Task directions:
When you copy from the entries that follow, take only the lines from the one with "Chinese Numbers 0–101" down to the one with "Phone Chargers! thumbnail 3", keeping both ends and dropping every picture.

Records:
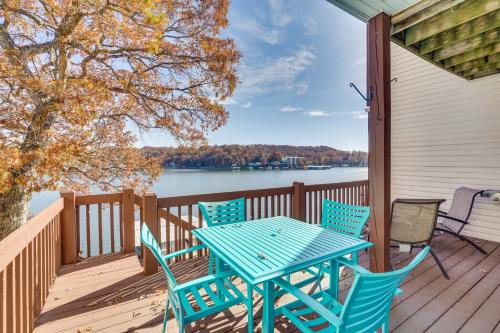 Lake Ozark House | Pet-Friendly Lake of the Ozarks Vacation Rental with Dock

...

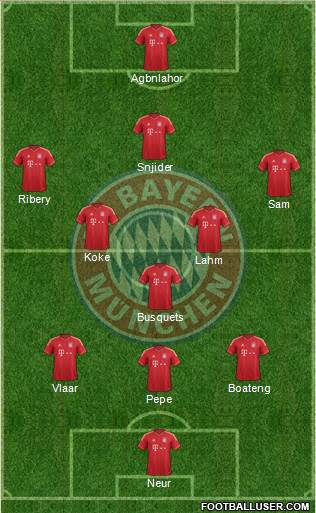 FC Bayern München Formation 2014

--

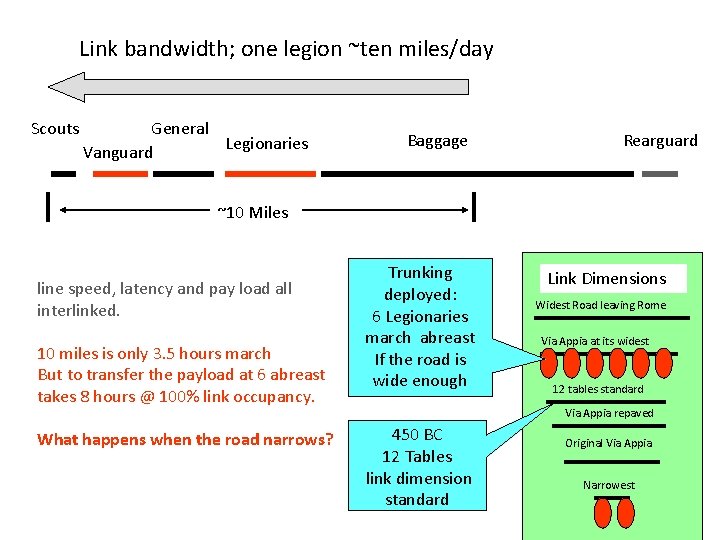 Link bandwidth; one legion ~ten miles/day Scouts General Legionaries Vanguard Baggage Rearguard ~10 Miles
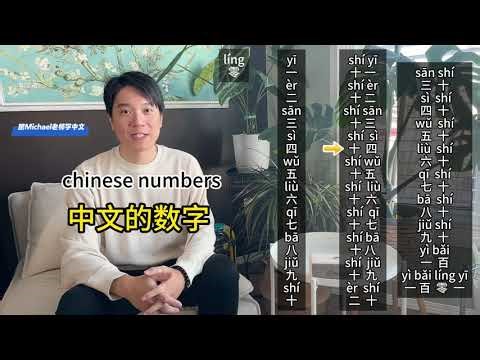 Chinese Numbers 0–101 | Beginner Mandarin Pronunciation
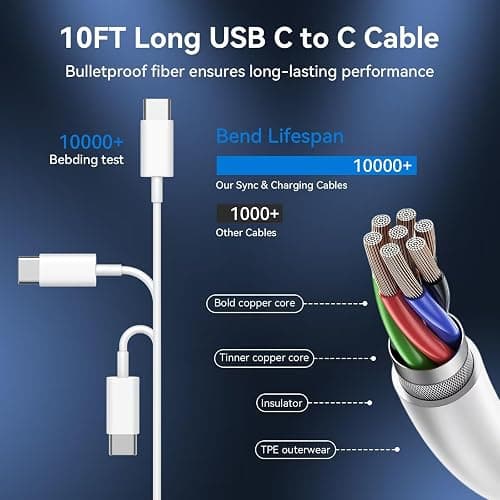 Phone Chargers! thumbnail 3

Answer to the problem:
 Chinese Numbers 0–101 | Beginner Mandarin Pronunciation
 Phone Chargers! thumbnail 3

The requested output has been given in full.